RF03 - 01 February 2017

ATom-2 RF03    01 February 2017    Anchorage - Kona

Our third research flight brought us from Anchorage, Alaska to Kona, Hawaii through both very clean and very polluted air. 

We brought warm weather with us from California and Anchorage was a toasty 20-30F (right around freezing). This was much warmer than the week before, which was below negative F! Anchorage has finally experienced above average snow for the first time in a few years and every local I spoke with was thrilled! Boston residents would not be as happy :) In Anchorage, we were stationed in the Fedex maintenance hanger at the airport and the area around the instruments reached 35oC before take off! 

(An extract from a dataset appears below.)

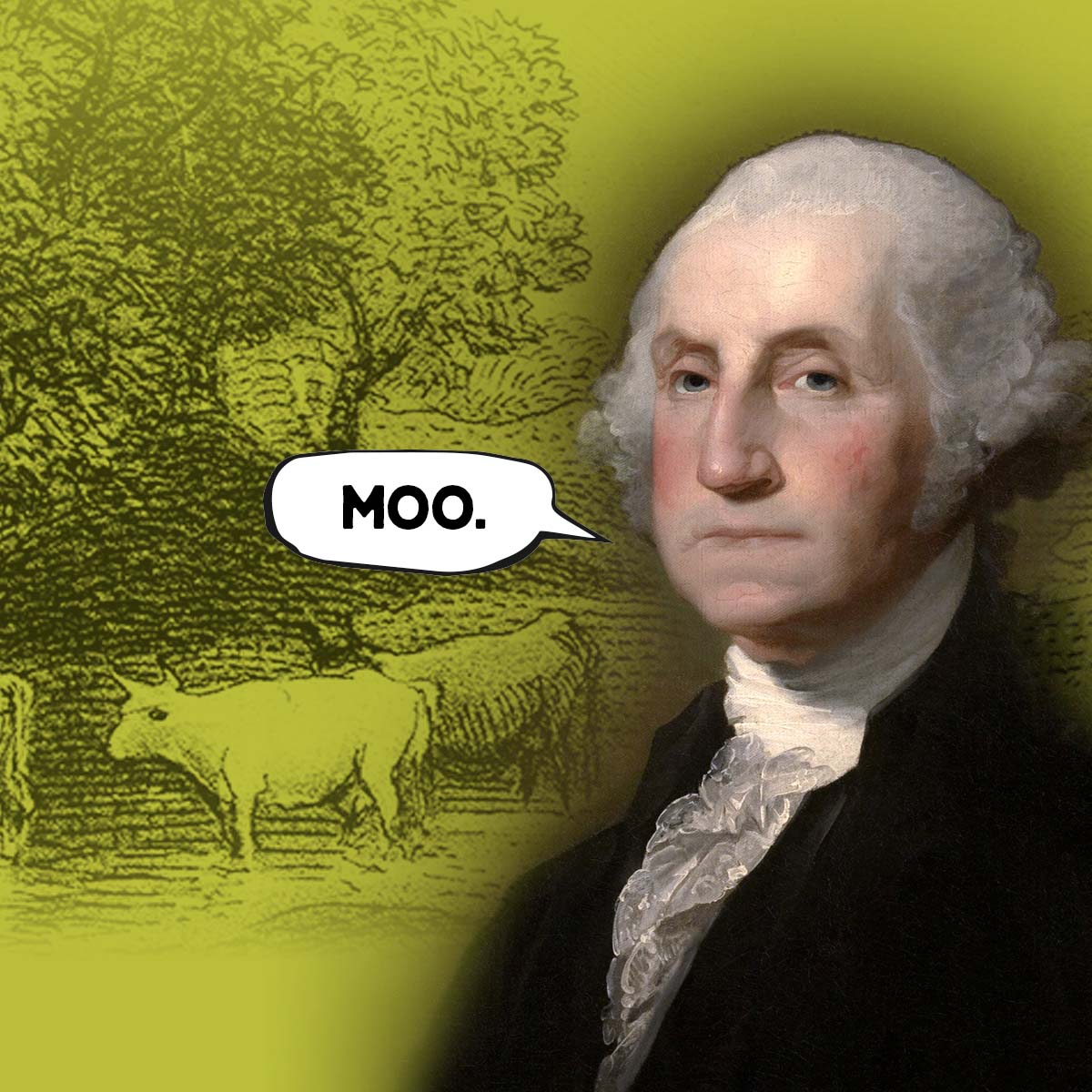 picture of george washington with a word bubble that says "moo"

For our day in Anchorage, the mountains were shrouded in cloud but on the morning we left we finally saw the mountains behind Anchorage as the cloud descended even further to let the mountains peak through.    




After leaving Anchorage we weaved our way through the volcanic mountains of the Aleutian Islands. We descending to 12 feet over the runway of Cold Bay as we completed a missed approach. A video of the missed approach is available here



After many profiles in which we sampled both clean air and air influenced by Asian pollution, we descended to Hawaii to find the thickest layer of volcanic smog I’ve ever seen. We could barely see Mauna Loa peeking out through the haze. The volcanic smog was from Kilueua, the volcano which is currently flowing into the sea on the south coast of the big island, and the largest source of SO2 in the USA. Unfortunately we couldn’t even see the ground coming into land so I missed that view. We saw large amounts of sulfur in the haze layer but we also saw a surprisingly large amount of organic species, suggesting that local pollution (possibly from the north) was also making the haze a little thicker.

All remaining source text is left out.